The tubular body 10 has a first threaded portion 11 disposed at a first end of the tubular body 10 thereof. In this embodiment, the first threaded portion 11 is disposed on an outer wall of the tubular body 10. The tubular body 10 further has a positioning hole 12 corresponding in position to the first threaded portion 11.

The driving head 20 is disposed at the first end of the tubular body 10. Wherein, the driving head 20 has a head portion 21. The head portion 21 includes an accommodating trough 211 extending along a radial direction of the tubular body 10 and a coupling pipe 212 extending along an axial direction of the tubular body 10. The coupling pipe 212 has a first annular portion 2121 and a second annular portion 2122 connected with the first annular portion 2121. The first annular portion 2121 and the second annular portion 2122 surround a communication hole 213 in communication with the accommodating trough 211 and an interior of the tubular body 10. An inner wall surface of the communication hole 213 is provided with a second threaded portion 214 corresponding to the first threaded portion 11. The first threaded portion 11 is screwed with the second threaded portion 214 to make the driving head 20 coupled to the tubular body 10. In addition, the head portion 21 further has a tightening hole 215 corresponding in position to the positioning hole 12 and transversely communicating with the communication hole 213. The tightening hole 215 may be a screw hole.
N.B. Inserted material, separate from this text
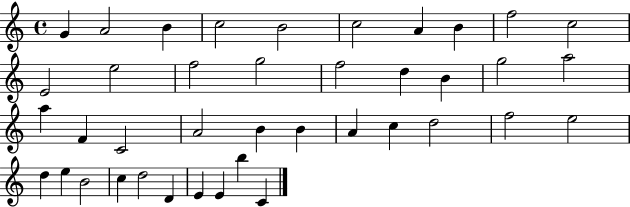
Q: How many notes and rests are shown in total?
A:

The accommodating trough 211 of the driving head 20 is provided with a ratchet member 22 rotatable relative to the driving head 20. The ratchet member 22 is provided with an annular toothed surface 221 corresponding to the communication hole 213. The driving head 20 is provided with at least one axial buffer collar 23 and at least one radial buffer collar 24 between an inner wall surface of the accommodating trough 211 and a circumferential side of the ratchet member 22. In the embodiment, an upper end and a lower end of the toothed surface 221 are sleeved with the axial buffer collar 23 and the radial buffer collar 24, respectively. The radial buffer collars 24 are located between the axial buffer collar 23 and the toothed surface 221. Two opposite sides of the radial buffer collar 24 are in contact with the axial buffer collar 23 and the toothed surface 221, respectively. The outer diameter of the radial buffer collar 24 is less than that of the axial buffer collar 23.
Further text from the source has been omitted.